Exercise details. Please write out exactly the line containing "スペイン ハンドボール スペツィアル / Spain Handball Spezial" below and every line after it, through the last one, but leave out any pictures.

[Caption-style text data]
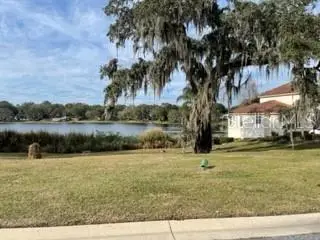 519 Blue Water Edge Drive, FL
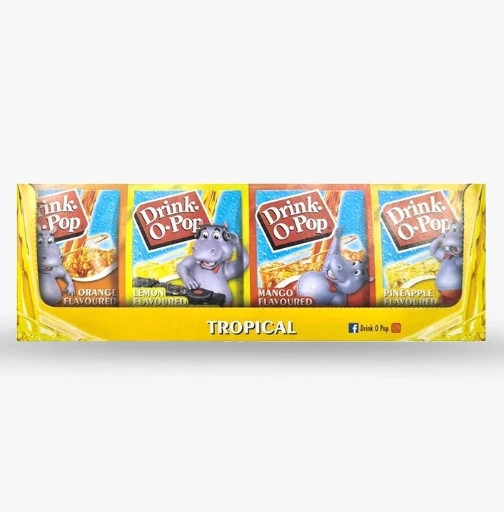Image produit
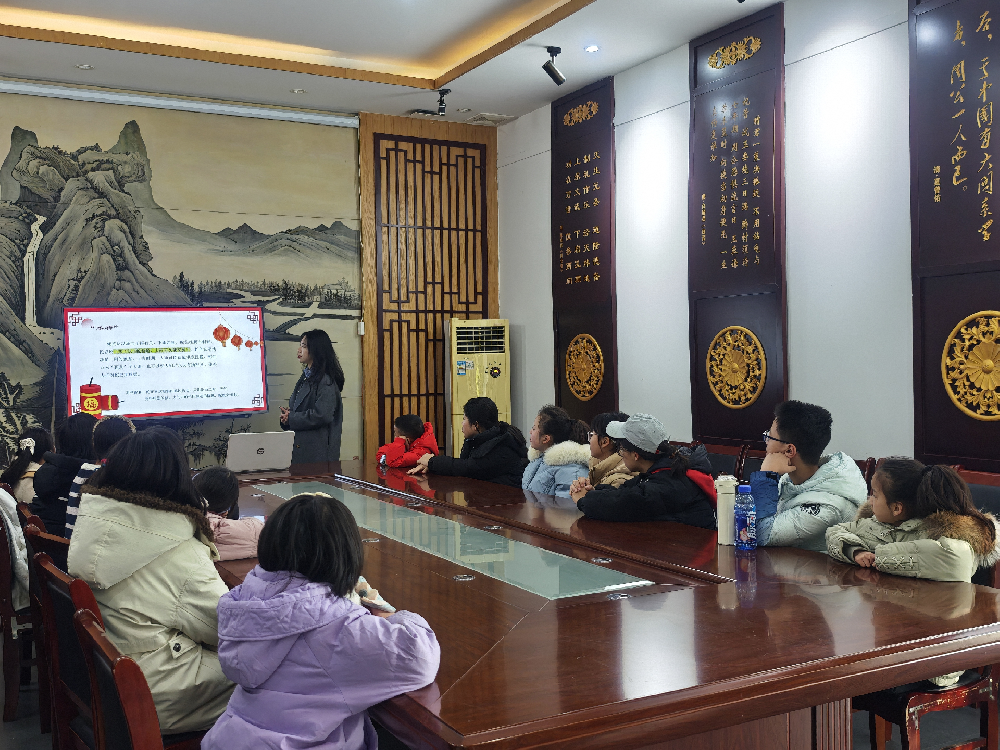 活动回顾|“蛇的七十二变”一场精彩绝伦的文化探索之旅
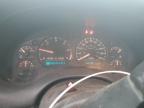 2003 Chevrolet S Truck S10 for Sale in Kansas City, KS - Front End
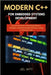 Modern C++ for Embedded Systems Development: A Practical Guide to Building Efficient, Scalable, and Maintainable Firmware Using C++17 and C++20 by Natty, Joel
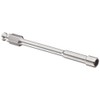 PB (pi-bi-) Difference Changeable Type nattodoraibubure-do 225 °F – 5.5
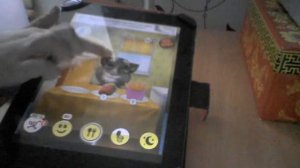 как играть в мой том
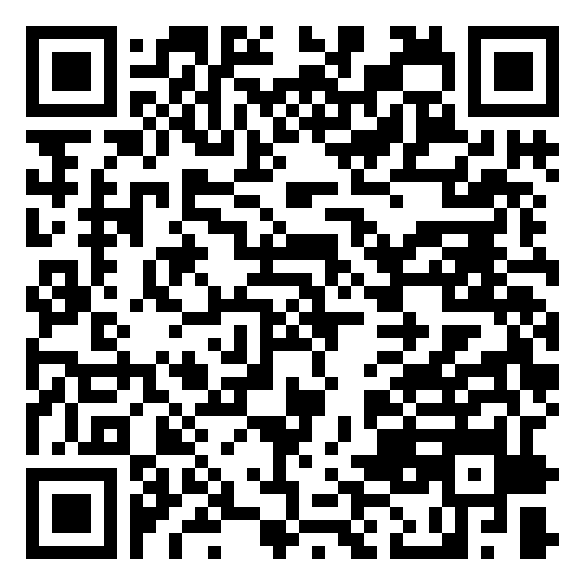 kod QR z danymi kontaktowymi 52711721100000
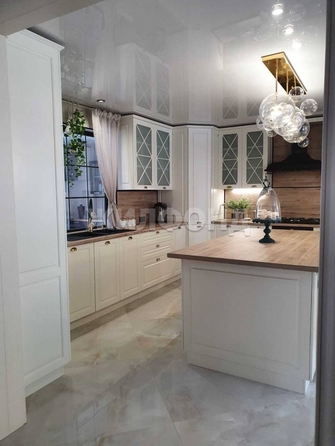 
  Продается дом 450 м². Фото 18.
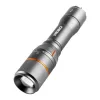 Nebo ZSEBLÁMPA NEB-FLT-0018-G
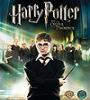 TuneWAP Ea Harry Potter and the Order of the Phoenix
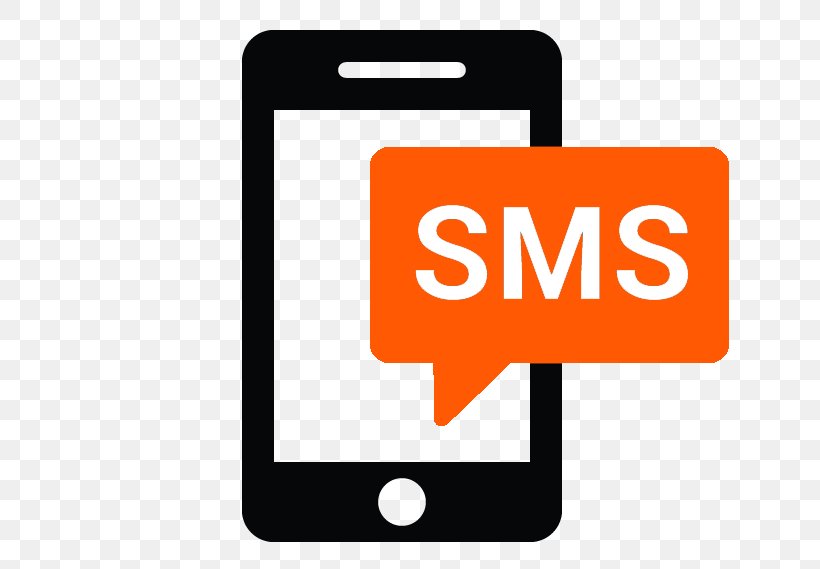 Mobile Phones SMS Bulk Messaging Cellular Network Short Message Peer-to-Peer, PNG, 818x569px, Mobile Phones, Area, Brand, Bulk Messaging, Business Download Free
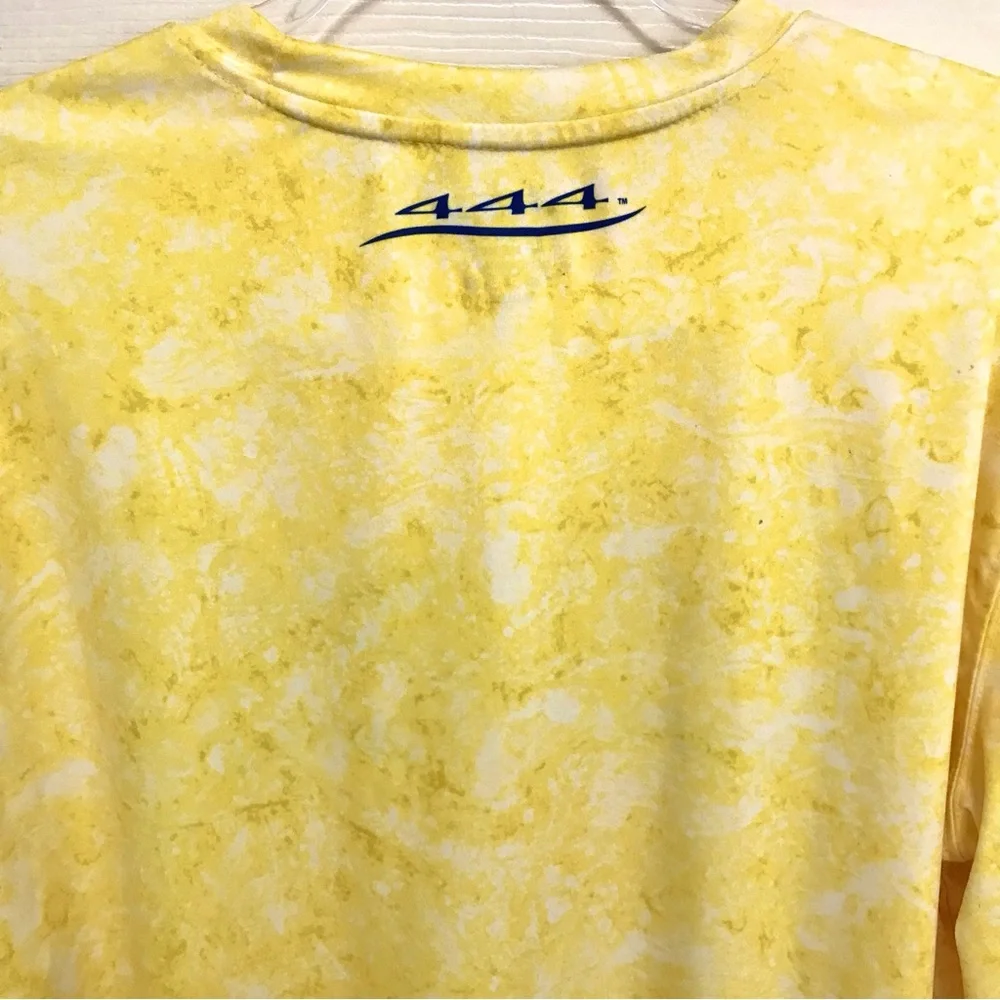 444 Sportswear 444 sportswear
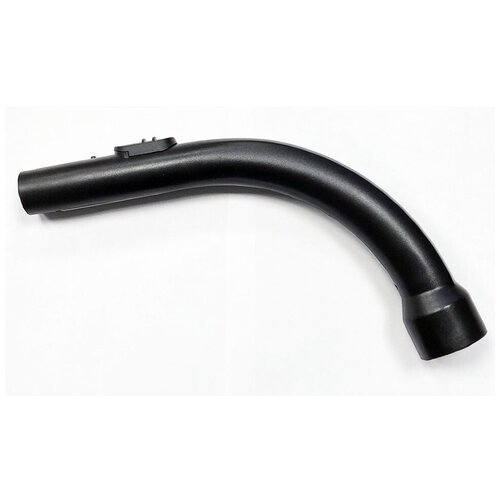 Рукоятка на замену для пылесоса Miele арт 99999501 CHN 1640₽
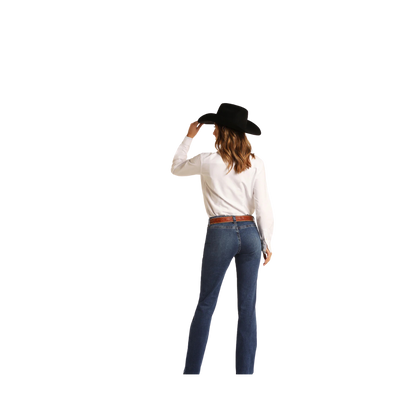 Panhandle Slim Women&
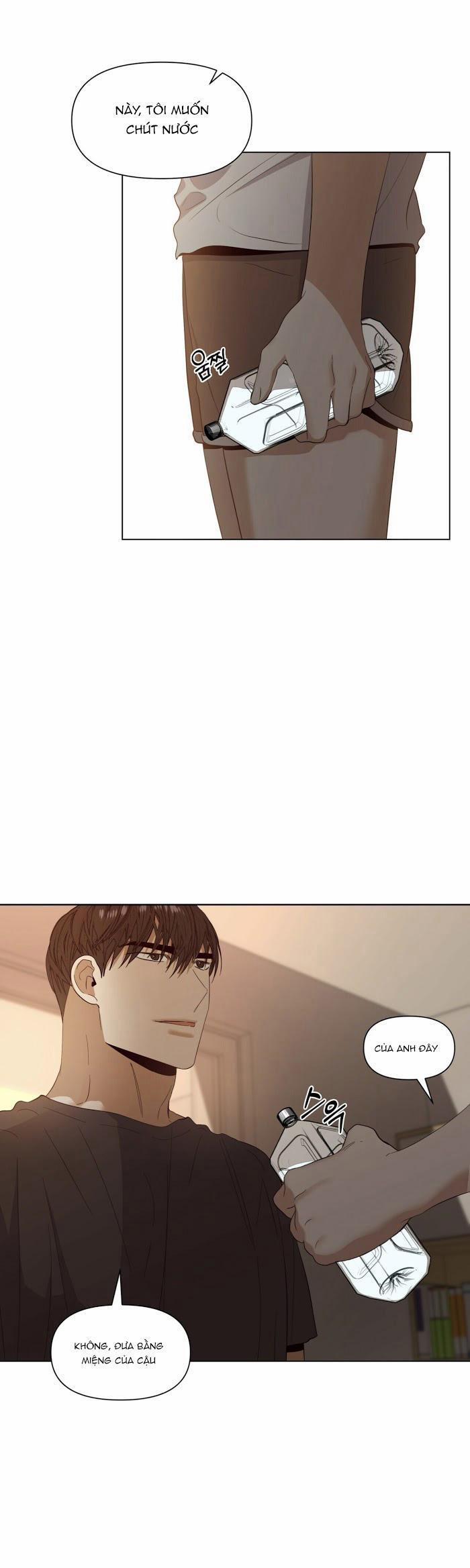 Hội Chứng Stockholm 23 trang 0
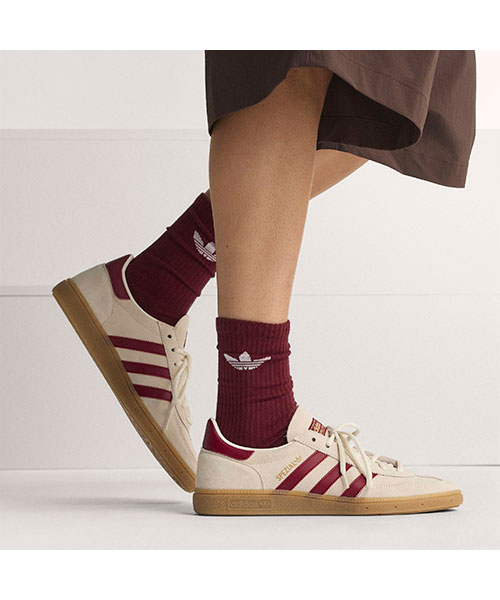 スペイン ハンドボール スペツィアル / Spain Handball Spezial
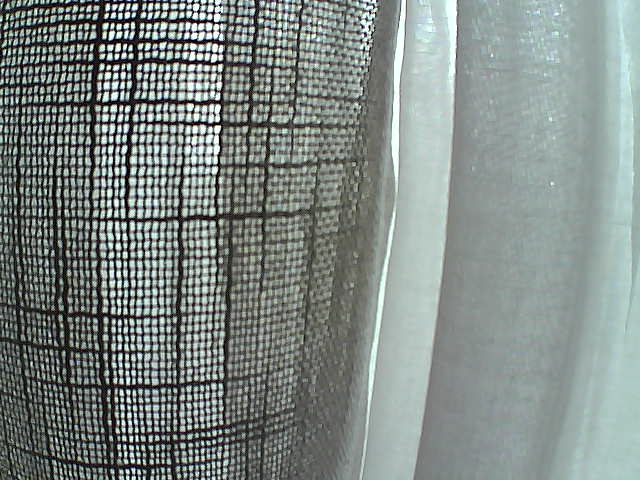 Whiteface Cam Image - Fri, 07/03/2020 5:59am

Task output.
 スペイン ハンドボール スペツィアル / Spain Handball Spezial
 Whiteface Cam Image - Fri, 07/03/2020 5:59am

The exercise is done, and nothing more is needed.